● **TASK BRIEF**:
The line containing "Louis Vuitton LOUIS" marks the start, and the last line of the records below marks the end. Print that run exactly and nothing else.

(RECORDS SUPPLIED Opens)

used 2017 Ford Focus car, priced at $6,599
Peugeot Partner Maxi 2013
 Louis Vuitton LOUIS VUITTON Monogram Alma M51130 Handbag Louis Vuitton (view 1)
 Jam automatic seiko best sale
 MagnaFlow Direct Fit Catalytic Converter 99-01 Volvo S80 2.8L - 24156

(RECORDS SUPPLIED Closes)

● **EXPECTED OUTPUT**:
 Louis Vuitton LOUIS VUITTON Monogram Alma M51130 Handbag Louis Vuitton (view 1)
 Jam automatic seiko best sale
 MagnaFlow Direct Fit Catalytic Converter 99-01 Volvo S80 2.8L - 24156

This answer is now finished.